WHAT THE EXERCISE ASKS
Treat the line containing "a white bathroom" as the last one, and return every line exactly from the first line of the material below up to it.

MATERIAL PROVIDED
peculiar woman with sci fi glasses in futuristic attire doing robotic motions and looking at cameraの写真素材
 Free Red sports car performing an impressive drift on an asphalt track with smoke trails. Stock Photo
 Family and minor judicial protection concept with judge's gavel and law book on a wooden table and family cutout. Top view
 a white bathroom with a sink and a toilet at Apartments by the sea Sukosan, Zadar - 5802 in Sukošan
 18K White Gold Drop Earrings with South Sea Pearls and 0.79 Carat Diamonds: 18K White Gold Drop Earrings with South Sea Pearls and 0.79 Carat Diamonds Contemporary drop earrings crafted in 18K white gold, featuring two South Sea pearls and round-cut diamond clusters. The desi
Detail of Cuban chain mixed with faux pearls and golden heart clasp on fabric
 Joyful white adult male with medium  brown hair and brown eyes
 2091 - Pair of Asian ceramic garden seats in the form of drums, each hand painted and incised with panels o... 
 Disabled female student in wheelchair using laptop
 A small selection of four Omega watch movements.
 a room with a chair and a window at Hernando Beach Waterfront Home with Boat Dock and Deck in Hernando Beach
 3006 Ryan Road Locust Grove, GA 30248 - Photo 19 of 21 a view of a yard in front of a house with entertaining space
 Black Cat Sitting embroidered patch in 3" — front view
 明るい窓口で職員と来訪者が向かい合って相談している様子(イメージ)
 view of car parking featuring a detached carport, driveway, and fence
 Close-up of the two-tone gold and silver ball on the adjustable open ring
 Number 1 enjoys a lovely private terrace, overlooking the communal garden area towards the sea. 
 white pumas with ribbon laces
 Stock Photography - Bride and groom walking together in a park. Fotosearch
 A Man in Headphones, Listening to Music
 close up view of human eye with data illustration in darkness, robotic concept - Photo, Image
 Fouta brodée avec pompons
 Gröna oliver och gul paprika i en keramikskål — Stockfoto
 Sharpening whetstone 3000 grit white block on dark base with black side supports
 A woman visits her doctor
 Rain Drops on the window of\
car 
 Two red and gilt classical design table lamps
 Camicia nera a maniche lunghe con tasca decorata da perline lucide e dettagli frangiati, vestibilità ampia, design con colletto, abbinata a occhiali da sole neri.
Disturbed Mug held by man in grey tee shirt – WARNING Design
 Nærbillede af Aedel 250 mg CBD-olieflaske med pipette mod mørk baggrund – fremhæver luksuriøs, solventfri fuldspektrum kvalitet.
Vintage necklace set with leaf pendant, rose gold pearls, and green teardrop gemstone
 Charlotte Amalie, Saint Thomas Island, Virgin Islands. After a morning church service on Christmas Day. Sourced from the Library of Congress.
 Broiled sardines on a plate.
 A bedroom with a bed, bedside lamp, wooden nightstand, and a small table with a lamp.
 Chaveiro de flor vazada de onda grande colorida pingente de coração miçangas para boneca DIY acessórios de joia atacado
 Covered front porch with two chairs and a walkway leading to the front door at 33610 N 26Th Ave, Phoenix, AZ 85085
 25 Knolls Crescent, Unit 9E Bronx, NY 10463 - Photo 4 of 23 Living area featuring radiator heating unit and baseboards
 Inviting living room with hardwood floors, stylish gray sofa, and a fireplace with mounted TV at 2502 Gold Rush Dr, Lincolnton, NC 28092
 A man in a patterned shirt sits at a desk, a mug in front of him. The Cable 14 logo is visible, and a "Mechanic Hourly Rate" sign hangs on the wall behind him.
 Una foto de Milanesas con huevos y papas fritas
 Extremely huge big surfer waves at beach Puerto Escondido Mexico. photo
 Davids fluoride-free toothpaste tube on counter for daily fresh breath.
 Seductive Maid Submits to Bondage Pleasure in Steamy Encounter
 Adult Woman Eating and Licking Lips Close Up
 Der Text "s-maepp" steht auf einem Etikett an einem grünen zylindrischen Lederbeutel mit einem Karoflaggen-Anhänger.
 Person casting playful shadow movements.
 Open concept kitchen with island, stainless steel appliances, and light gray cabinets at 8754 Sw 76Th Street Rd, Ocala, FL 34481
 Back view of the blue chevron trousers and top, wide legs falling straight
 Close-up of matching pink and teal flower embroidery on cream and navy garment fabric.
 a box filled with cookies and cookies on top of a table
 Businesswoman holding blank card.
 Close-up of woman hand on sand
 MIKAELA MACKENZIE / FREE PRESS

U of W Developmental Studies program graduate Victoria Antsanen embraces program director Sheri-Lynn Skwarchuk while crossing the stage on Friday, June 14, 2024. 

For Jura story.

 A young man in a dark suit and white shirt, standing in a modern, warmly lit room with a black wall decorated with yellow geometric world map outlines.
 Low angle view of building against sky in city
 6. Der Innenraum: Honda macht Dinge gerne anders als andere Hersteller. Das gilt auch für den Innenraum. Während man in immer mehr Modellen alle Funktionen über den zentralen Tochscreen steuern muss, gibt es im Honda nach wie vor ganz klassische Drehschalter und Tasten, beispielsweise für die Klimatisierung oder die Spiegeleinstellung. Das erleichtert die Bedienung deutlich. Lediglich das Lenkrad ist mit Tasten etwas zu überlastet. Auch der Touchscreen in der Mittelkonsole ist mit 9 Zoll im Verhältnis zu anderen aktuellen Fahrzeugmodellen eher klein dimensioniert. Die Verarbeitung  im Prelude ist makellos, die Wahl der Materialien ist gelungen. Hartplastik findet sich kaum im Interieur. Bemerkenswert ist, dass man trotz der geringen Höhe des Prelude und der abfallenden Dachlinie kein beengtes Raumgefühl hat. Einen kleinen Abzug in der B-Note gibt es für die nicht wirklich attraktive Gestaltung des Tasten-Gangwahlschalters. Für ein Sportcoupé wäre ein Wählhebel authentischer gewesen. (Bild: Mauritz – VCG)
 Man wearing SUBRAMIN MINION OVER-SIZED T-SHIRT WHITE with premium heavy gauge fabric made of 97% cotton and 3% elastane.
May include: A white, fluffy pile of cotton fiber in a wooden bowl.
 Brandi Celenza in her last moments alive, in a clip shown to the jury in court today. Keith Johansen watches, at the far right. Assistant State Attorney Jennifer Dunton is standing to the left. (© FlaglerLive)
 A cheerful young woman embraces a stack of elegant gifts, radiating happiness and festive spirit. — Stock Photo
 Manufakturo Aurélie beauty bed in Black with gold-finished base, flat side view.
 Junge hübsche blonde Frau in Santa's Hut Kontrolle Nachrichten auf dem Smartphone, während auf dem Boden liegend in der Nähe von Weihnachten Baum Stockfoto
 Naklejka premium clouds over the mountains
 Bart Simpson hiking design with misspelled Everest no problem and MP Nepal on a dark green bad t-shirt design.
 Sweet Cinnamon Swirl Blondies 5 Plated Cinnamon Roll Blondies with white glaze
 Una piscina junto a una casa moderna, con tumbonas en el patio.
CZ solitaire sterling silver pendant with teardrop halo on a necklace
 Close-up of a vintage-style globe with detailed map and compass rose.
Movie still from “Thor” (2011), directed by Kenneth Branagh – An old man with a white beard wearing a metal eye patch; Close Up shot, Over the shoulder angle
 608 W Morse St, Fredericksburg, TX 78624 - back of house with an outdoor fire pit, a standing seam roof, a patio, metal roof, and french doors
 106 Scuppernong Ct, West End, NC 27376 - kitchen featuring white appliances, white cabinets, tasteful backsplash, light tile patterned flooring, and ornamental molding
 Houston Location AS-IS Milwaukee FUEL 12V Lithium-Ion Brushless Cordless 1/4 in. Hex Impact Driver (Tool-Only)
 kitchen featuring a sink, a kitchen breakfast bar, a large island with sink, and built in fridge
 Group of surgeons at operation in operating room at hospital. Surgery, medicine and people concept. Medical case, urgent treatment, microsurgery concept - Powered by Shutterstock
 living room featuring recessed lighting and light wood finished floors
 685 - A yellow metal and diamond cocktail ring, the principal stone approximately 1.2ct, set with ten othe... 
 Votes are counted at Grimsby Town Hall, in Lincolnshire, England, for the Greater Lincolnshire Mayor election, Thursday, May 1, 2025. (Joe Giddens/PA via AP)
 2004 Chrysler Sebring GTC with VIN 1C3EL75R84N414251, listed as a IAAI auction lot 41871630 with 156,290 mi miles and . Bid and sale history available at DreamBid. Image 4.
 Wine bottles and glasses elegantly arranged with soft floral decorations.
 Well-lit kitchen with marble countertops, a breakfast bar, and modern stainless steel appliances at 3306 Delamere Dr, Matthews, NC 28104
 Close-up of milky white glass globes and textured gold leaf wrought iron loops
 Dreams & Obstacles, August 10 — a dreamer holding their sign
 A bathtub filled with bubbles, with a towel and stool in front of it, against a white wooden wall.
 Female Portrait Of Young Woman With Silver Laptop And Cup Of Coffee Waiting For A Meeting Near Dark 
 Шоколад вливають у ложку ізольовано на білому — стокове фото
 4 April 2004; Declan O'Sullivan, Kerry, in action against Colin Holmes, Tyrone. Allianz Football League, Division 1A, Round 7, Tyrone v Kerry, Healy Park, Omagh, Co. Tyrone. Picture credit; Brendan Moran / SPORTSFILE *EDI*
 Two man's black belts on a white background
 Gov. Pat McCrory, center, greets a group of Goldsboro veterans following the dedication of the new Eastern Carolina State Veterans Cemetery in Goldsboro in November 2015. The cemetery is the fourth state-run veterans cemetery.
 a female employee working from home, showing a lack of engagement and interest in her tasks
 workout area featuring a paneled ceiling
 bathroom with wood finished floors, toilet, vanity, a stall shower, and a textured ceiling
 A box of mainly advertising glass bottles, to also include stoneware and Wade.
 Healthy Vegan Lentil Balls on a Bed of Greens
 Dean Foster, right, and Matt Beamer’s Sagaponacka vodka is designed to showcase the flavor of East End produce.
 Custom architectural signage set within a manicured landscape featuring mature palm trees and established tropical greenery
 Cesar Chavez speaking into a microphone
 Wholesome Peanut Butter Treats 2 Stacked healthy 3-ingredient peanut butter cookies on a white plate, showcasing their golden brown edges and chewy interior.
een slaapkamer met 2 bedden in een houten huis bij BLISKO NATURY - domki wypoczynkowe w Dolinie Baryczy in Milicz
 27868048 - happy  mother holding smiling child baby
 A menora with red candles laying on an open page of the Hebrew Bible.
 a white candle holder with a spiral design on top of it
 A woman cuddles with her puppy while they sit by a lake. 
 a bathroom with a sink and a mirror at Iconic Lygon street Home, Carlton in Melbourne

SOLUTION TO THIS PROBLEM
peculiar woman with sci fi glasses in futuristic attire doing robotic motions and looking at cameraの写真素材
 Free Red sports car performing an impressive drift on an asphalt track with smoke trails. Stock Photo
 Family and minor judicial protection concept with judge's gavel and law book on a wooden table and family cutout. Top view
 a white bathroom with a sink and a toilet at Apartments by the sea Sukosan, Zadar - 5802 in Sukošan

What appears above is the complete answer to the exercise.